People v. Blancett
B277433M
| Cal. Ct. App. | Oct 5, 2017Background
- In 2014 Dakota Blancett pleaded guilty to two counts of child molestation and was sentenced to three years in prison.
- In July 2016 the Board of Parole Hearings determined Blancett met the Mentally Disordered Offender (MDO) criteria (Pen. Code, § 2962) and conditioned parole on treatment; Blancett petitioned the trial court under § 2966(b) to contest that determination.
- The trial court appointed counsel immediately before the hearing; counsel requested a court (bench) trial and the court asked Blancett once whether he was “okay” with a court trial, to which he replied yes. No detailed advisement or colloquy occurred.
- Experts produced split written evaluations; Atascadero State Hospital examiner testified Blancett suffers from pedophilia and presents substantial danger; the trial court found Blancett met § 2962 beyond a reasonable doubt and committed him to involuntary treatment.

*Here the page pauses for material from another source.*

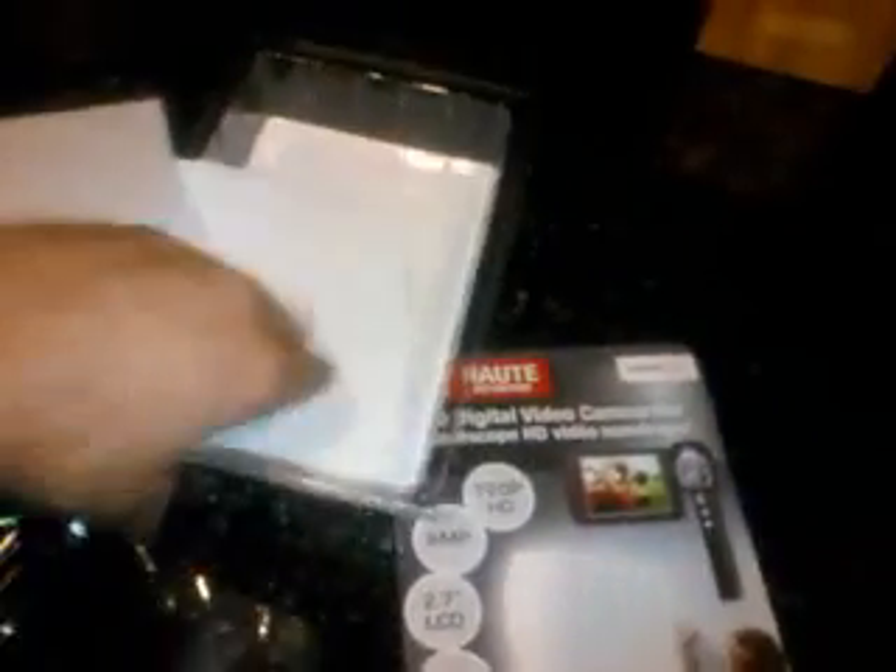Anyway, there it is. That is the MoviePix MP5A4 unboxing. Thanks — I hope this helped. This was brought to you by DigitalMediaPlayerGuide.com. Thanks.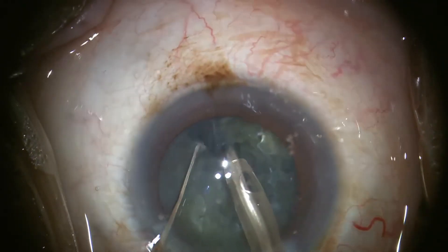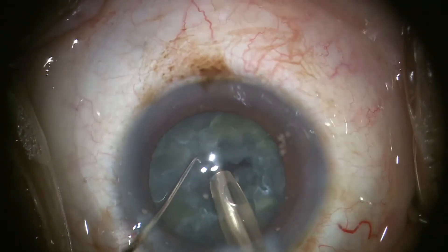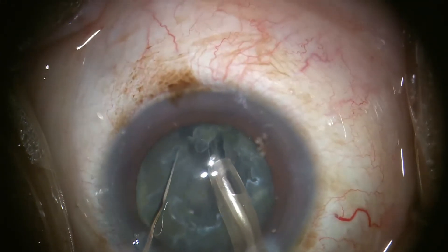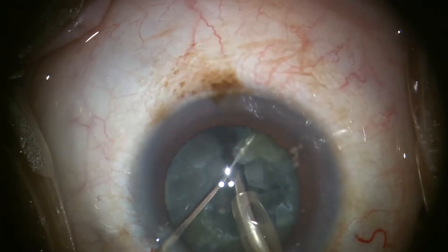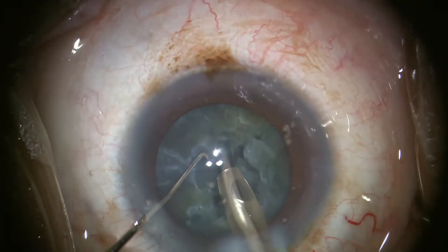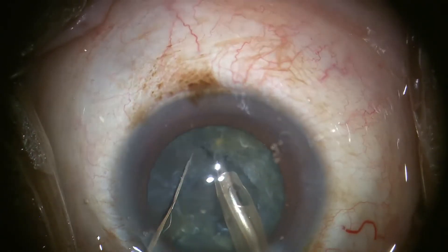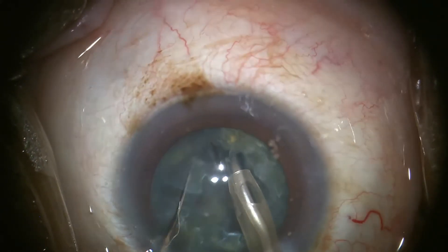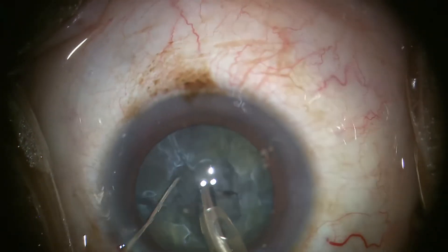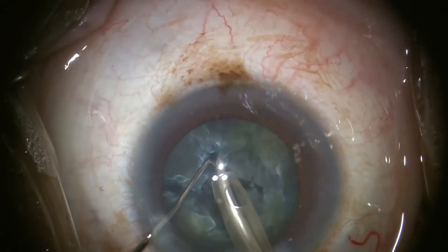A Szynski hook is placed on top of the lens, just peripheral to the FACO tip, before it is pushed down in a vertical chop motion, and then moved off to the left, propagating the crack that was started by the chop. The denser the lens, the more important it is to place the Szynski hook in line with the FACO tip to avoid rotating the lens around the FACO tip. This particular lens is divided into five pieces, but removal of denser lenses benefits from creating more petals, often as many as eight.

- Blancett appealed, arguing his waiver of the jury-trial right was not knowing, intelligent, and voluntary under the totality of circumstances.
Issues
| Issue | Plaintiff's Argument | Defendant's Argument | Held |
|---|---|---|---|
| Whether Blancett validly waived his right to a jury trial in an initial MDO commitment proceeding | The court may accept a waiver where counsel requests a bench trial and defendant verbally agrees; waiver was adequate | Waiver was not knowing, intelligent, and voluntary because the court failed to personally advise Blanchett of jury-trial mechanics, did not elicit an informed colloquy, and counsel was appointed moments before waiver | Reversed: waiver was invalid. Court must personally advise petitioner of jury right and obtain a knowing, intelligent, voluntary waiver before accepting a bench trial unless substantial evidence shows incapacity to waive |
Key Cases Cited
- People v. Blackburn, 61 Cal.4th 1113 (Cal. 2015) (trial court must personally advise MDO defendant of right to jury trial; personal, knowing, voluntary waiver required)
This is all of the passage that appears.